#### WORK INSTRUCTION:
Return the listing verbatim, images left out.

################

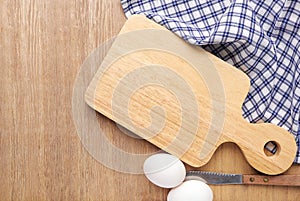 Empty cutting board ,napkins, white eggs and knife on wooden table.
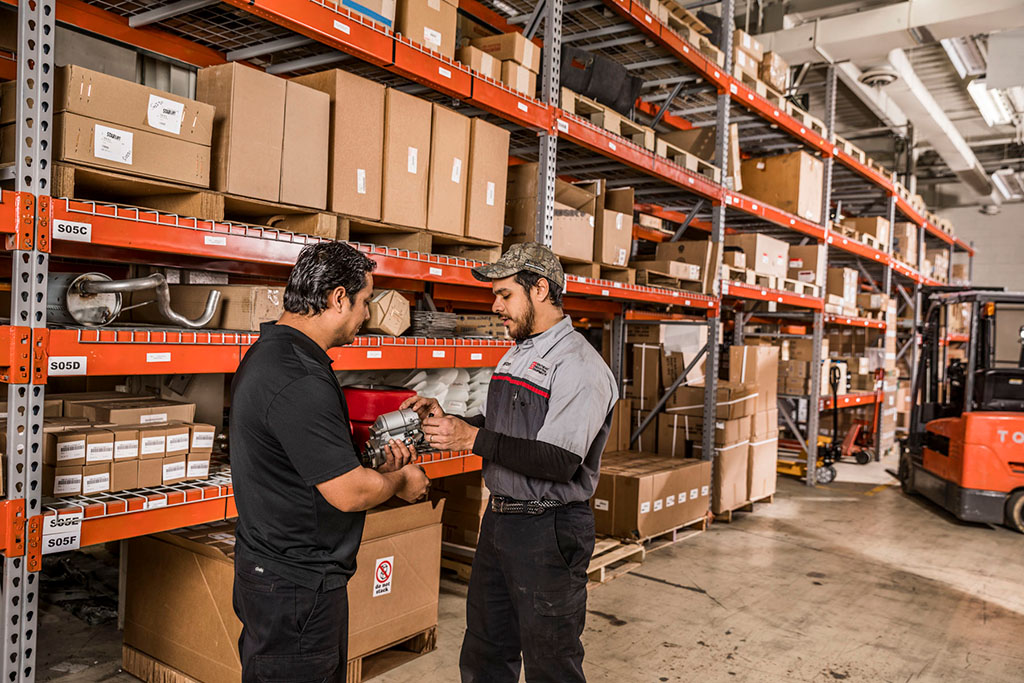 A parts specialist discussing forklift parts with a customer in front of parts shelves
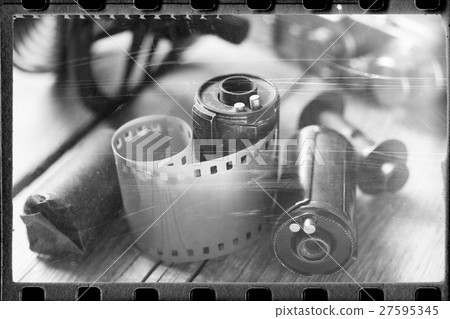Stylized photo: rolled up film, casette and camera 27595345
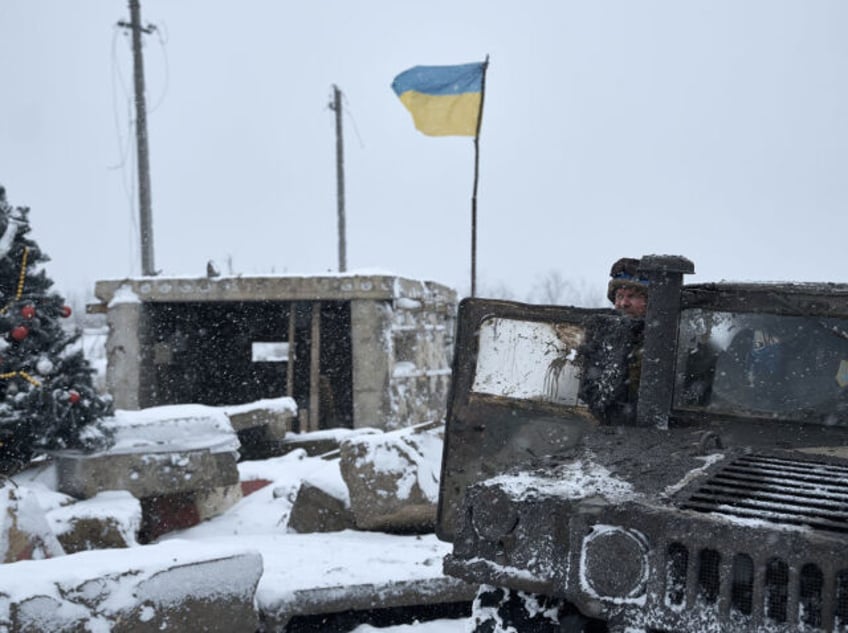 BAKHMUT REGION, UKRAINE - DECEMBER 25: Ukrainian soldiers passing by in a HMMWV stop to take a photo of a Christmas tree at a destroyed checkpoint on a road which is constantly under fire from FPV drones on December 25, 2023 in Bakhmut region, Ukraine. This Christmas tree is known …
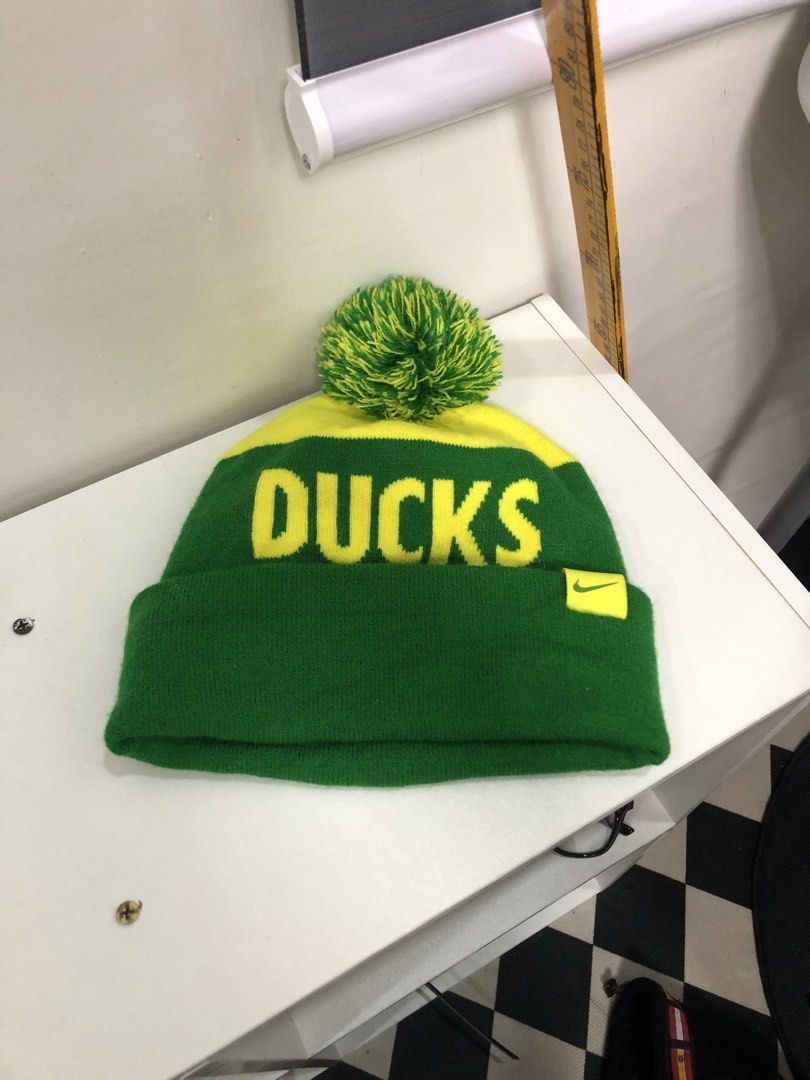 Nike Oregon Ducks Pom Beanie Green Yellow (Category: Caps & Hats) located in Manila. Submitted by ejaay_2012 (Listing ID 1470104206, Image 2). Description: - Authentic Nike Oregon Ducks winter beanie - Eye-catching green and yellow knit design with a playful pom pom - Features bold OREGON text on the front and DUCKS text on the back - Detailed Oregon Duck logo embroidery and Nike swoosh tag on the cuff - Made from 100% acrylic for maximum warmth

################

#### ANSWER SECTION:
 Empty cutting board ,napkins, white eggs and knife on wooden table.
 A parts specialist discussing forklift parts with a customer in front of parts shelves
Stylized photo: rolled up film, casette and camera 27595345
 BAKHMUT REGION, UKRAINE - DECEMBER 25: Ukrainian soldiers passing by in a HMMWV stop to take a photo of a Christmas tree at a destroyed checkpoint on a road which is constantly under fire from FPV drones on December 25, 2023 in Bakhmut region, Ukraine. This Christmas tree is known …
 Nike Oregon Ducks Pom Beanie Green Yellow (Category: Caps & Hats) located in Manila. Submitted by ejaay_2012 (Listing ID 1470104206, Image 2). Description: - Authentic Nike Oregon Ducks winter beanie - Eye-catching green and yellow knit design with a playful pom pom - Features bold OREGON text on the front and DUCKS text on the back - Detailed Oregon Duck logo embroidery and Nike swoosh tag on the cuff - Made from 100% acrylic for maximum warmth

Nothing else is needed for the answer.